Πέμπτη 14 Ιουλίου 2016

Greece’s island refugee camps strain under EU-Turkey deal deadlock


14/7/2016

By Kerin Hope in Moria

Moria is a symbol of mounting frustration for asylum seekers

Under a broiling midday sun, Mohammad, an Afghan refugee, helps serve small portions of rice and meat to headscarfed women and their children at Moria camp. As usual, there is not enough to go round.

In another section of the asylum seekers’ camp on the Greek island of Lesbos, there are several burnt-out shipping containers and a new double-fenced compound for alleged “troublemakers”. Poor living conditions and the slow pace of Greek and EU asylum procedures sparked riots last month.

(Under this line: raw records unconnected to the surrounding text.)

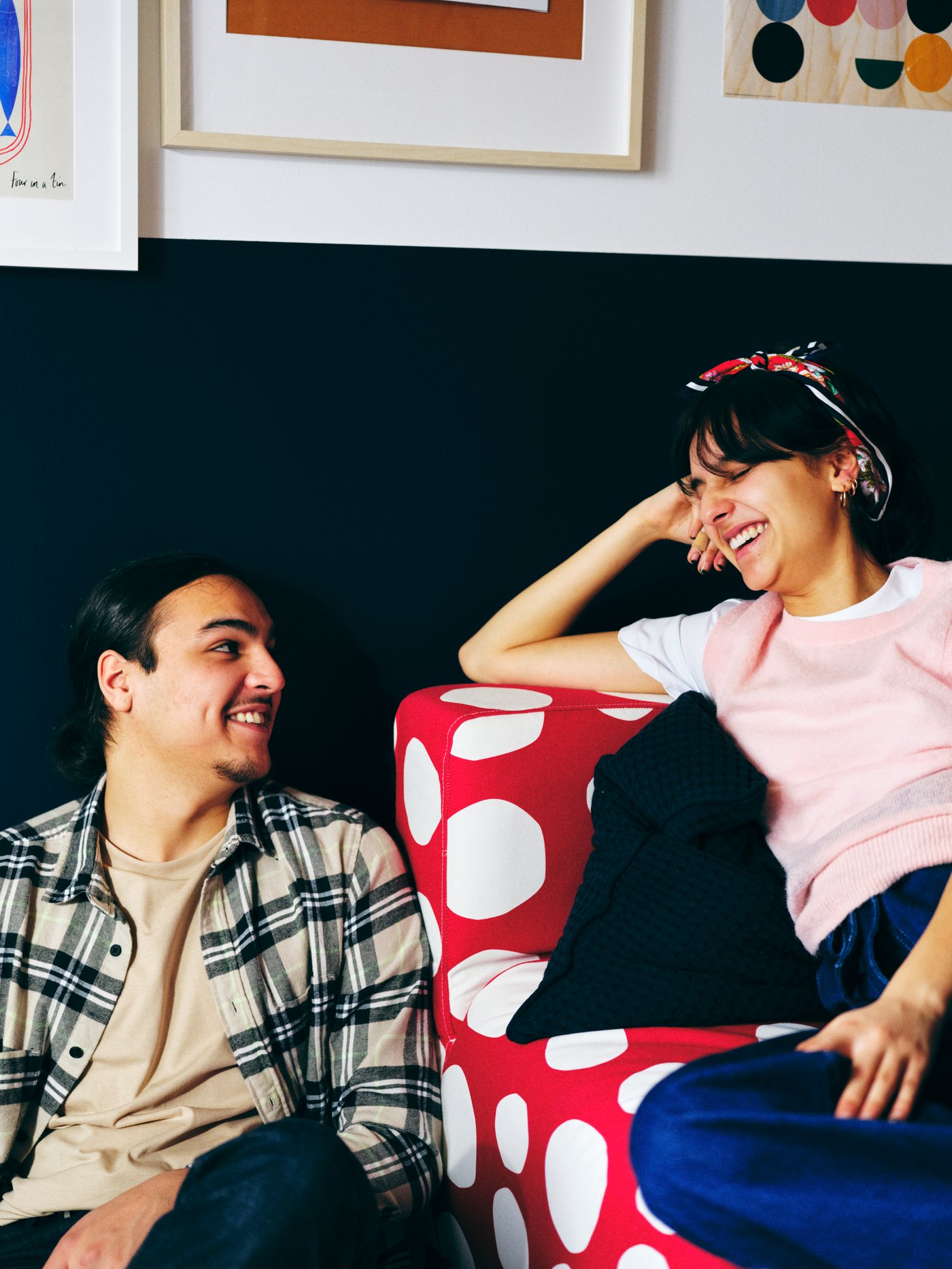 Un homme et une femme se sourient, elle est assise sur un canapé deux places KLIPPAN rouge/blanc, il sur le sol à côté.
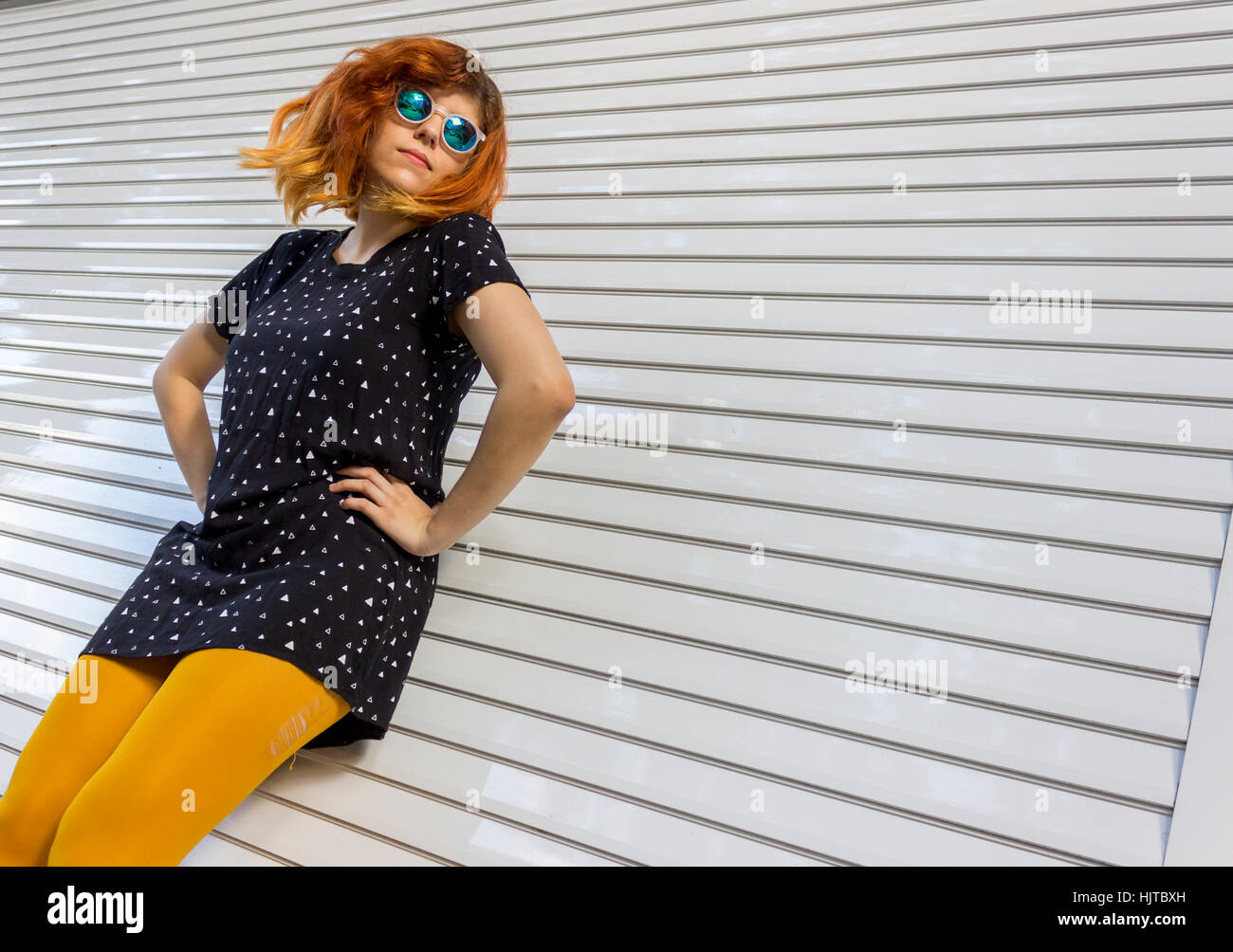 Mujeres caucásicas vestidos de traje negro, amarillo medias y gafas de sol está juguetón contra la pared blanca Fotografía de stock - Alamy Mujeres caucásicas vestidos de traje negro, amarillo medias y gafas de sol está juguetón contra la pared blanca Fotografía de stock - Alamy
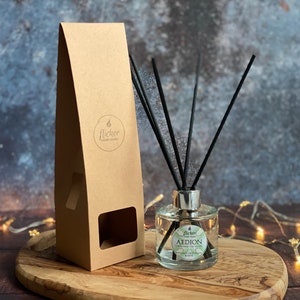 May include: A clear glass bottle diffuser with black reeds and a brown cardboard box. The bottle has a silver cap and a label that reads "Flicker Candle Studio" and "AEDION - Wild Mint & Eucalyptus".
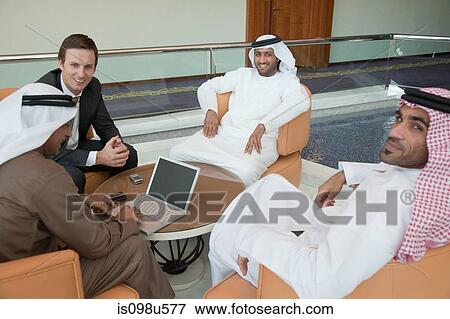 Businessmen having a meeting View Large Photo Image Stock Photo - Businessmen having a meeting. Fotosearch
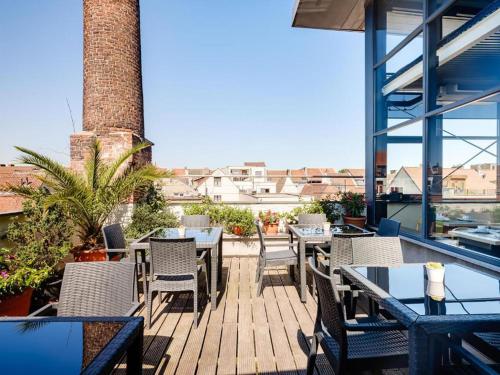 a patio with tables and chairs on a balcony at Budget Rooms by Ghent River in Ghent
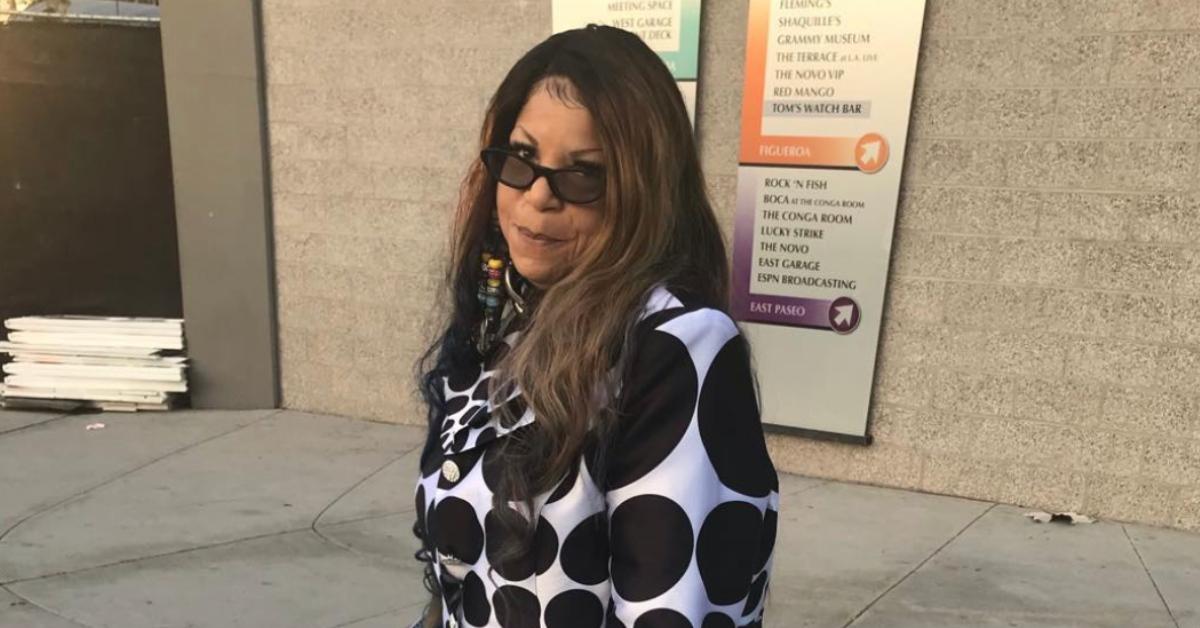 Prince's sister, Tyka Nelson, wearing a black and white coat.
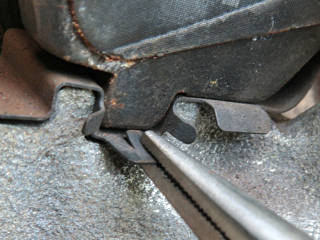 Squeeze the tab with pliers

“The worst thing at Moria is there’s nothing to do — no basketball, no football, no language lessons,” says Mohammad, who worked in a garage in Iran before heading for Turkey and taking the boat journey to Greece. “I play games on my cell phone but some people just quarrel and fight.”

Moria has become a symbol of the mounting frustration of Greece’s asylum seekers, who are stuck in a crisis-hit country with few resources for outsiders, while hoping for relocation to wealthier EU states that are increasingly unwilling to accept them. The EU and Turkey struck a landmark deal in March to stem migrant flows to the bloc — but this has created a further deadlock in Greece, with recent arrivals placed in island camps such as Moria while authorities assess if they should be returned to Turkey.

A four-month campaign to “preregister” the country’s almost 60,000 potential asylum seekers, who live in more than 30 temporary camps, is due to be completed in August. But it is just the first stage in a drawn-out process of examining applications on a case-by-case basis, which is expected to take more than a year.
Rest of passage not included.